Significativamente sólo una vez puestas en orden cuestiones materiales como el abastecimiento o la educación de los jóvenes de Hondarribia, los magistrados pasaban a ocuparse de otras de índole más sobrenatural. En efecto, las disposiciones sobre la observancia del precepto de acudir a misa, cerrando tabernas si fuera preciso, y la elección de cargos para controlar las iglesias, ermitas y cofradías religiosas de la entonces villa de Hondarribia, sólo tiene lugar tras acordar lo preciso para garantizar un mercado bien abastecido a buenos precios y cuando ya se ha establecido el contrato que garantizará un mínimo nivel de instrucción pública. Concretamente el día 5 de enero[16].

A partir de ese punto las cuestiones de una y otra índole, la material y la espiritual, irán alternándose en la agenda de los hombres que gobiernan Hondarribia en 1638.

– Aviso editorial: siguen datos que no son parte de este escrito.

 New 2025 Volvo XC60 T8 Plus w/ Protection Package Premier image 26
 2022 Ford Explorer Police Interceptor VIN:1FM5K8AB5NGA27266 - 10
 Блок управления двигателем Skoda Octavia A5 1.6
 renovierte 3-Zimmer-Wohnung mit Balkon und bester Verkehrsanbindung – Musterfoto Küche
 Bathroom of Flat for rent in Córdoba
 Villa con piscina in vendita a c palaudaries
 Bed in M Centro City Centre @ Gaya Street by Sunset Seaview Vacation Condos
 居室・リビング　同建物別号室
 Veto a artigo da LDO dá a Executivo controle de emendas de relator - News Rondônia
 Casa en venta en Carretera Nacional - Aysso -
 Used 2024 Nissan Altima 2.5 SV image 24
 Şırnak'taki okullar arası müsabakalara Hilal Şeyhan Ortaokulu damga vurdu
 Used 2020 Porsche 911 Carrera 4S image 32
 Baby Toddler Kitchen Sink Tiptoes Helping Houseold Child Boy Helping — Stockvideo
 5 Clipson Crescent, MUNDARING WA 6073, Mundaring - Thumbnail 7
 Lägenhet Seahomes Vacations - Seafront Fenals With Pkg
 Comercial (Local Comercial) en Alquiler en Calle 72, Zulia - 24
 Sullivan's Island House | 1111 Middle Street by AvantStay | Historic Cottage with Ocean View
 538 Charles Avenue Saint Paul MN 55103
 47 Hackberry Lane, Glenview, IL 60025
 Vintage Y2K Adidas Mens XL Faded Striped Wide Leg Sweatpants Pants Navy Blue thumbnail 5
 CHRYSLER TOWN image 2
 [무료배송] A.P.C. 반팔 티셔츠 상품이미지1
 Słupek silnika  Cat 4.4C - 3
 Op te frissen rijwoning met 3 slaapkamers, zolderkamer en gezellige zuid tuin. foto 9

Así el 13 de enero de ese año los magistrados decidían que se debía catar la sidra con la que se iba a abastecer el mercado local, asegurándose de que ésta era de la suficiente calidad. Es la misma sesión en la que también deciden visitar el monte de Jaizquibel para saber el estado en el que se encuentran los plantíos de árboles de la comunidad. Un valioso activo económico del que se ocuparán con extremo cuidado las sucesivas corporaciones que administran Hondarribia. Exactamente como ocurre en las de muchas otras comunidades de fuera y dentro del País Vasco[17].

Prácticamente a continuación de hacerse cargo de ese delicado asunto, vuelven a preocuparse de cosas a medio camino entre lo espiritual y lo material. Creo al menos que así deberíamos considerar el caso de la limosna recogida para redimir a los vecinos de Hondarribia que han tenido la mala suerte de tener que trabajar en expediciones marítimas de altura y acabaron cayendo en manos de los turcos o sus aliados. Una cantidad que asciende a tan sólo 24 ducados de vellón en el momento en el que se levanta esa acta[18].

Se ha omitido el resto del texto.